Gli incentivi fiscali ai lavoratori impatriati spettano anche se il richiedente, a seguito del rientro in Italia dopo un periodo di distacco all’estero, non stipuli con il datore di lavoro un nuovo contratto di lavoro. A stabilirlo è la sentenza 1479/11/2022 della Ctp Milano (presidente e relatore Di Rosa).

La pronuncia valorizza la ratio dell’agevolazione, ossia quella di favorire il rientro in Italia di lavoratori italiani che abbiano prestato all’estero la propria attività lavorativa; del resto, come rilevato dai giudici, la normativa non prevede quale requisito per l’accesso al regime la discontinuità formale e sostanziale fra il rapporto di lavoro svolto all’estero e quello esercitato al rientro in Italia, con ciò superando la prassi dell’agenzia delle Entrate.

Il caso

Un lavoratore dipendente con contratto di lavoro subordinato a tempo indeterminato, dopo un periodo di lavoro in Italia, veniva distaccato dal proprio datore di lavoro a beneficio di una società estera del gruppo sita in Austria. Successivamente rientrava in Italia mutando la propria mansione lavorativa senza stipulare un nuovo contratto di lavoro e chiedeva l’accesso al regime impatriati.

L’Ufficio negava l’applicazione del regime agevolativo, ritenendo che il mero «distacco» presso una società estera non permetteva l’accesso al beneficio. Ed infatti, dal punto di vista giuslavoristico, vi sarebbe una continuità sostanziale con la posizione lavorativa già in essere che non comporta l’instaurazione di un nuovo rapporto di lavoro, ma la mera prosecuzione del precedente.

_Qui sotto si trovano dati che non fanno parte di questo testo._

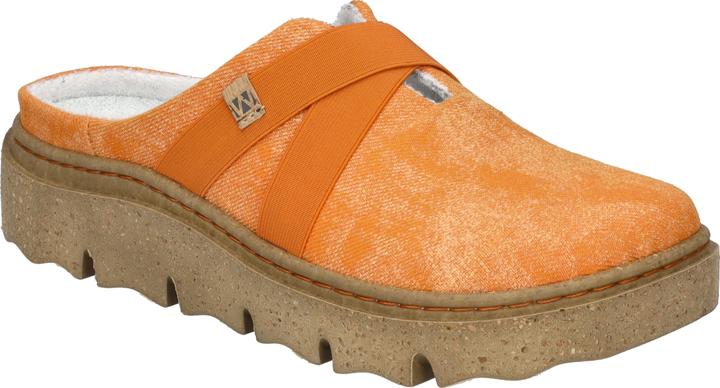 Westland 36407-691 (40)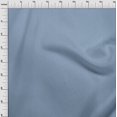 thumbnail image 3 of oneOone Cotton Silk Fabric Vertical Stripe Print Fabric BTY 42 Inch Wide, 3 of 4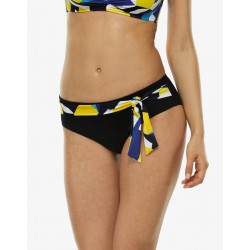 Slip vita alta mare  LOVABLE art. L07P4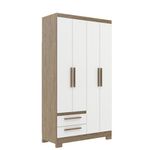 roupeiro-decibal-rp2422-01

Tale posizione è stata ampiamente ribadita dall’agenzia delle Entrate in plurimi documenti di prassi (circolare 33/20; risoluzione 76/18; circolare 17/17) confermando il diniego di accesso in caso di «distacco» per via della continuità con la precedente posizione lavorativa assunta prima dell’espatrio.

La decisione

La Ctp Milano, invece, ha correttamente rilevato che il regime impatriati, introdotto dall’articolo 16 del Dlgs 147/2015, così come modificato dal decreto Crescita (Dl 34/2019), prevede unicamente quali requisiti per l’accesso che il lavoratore:

1) trasferisca la residenza nel territorio dello Stato italiano in base all’articolo 2 del Tuir;

2) non sia stato residente in Italia nei due periodi d’imposta antecedenti al trasferimento e si impegni a risiedere in Italia per almeno due anni;

3) svolga attività lavorativa prevalentemente nel territorio italiano.

Si tratta degli unici requisiti espressamente indicati dalla lettera della norma: non vi è nell’articolo 16 Dlgs 147/2015 alcun riferimento alla discontinuità sostanziale e formale tra il precedente rapporto di lavoro e quello successivo al rientro. In altri termini, il legislatore non ha richiesto la stipula di un nuovo contratto di lavoro quale condizione necessaria per l’accesso al beneficio.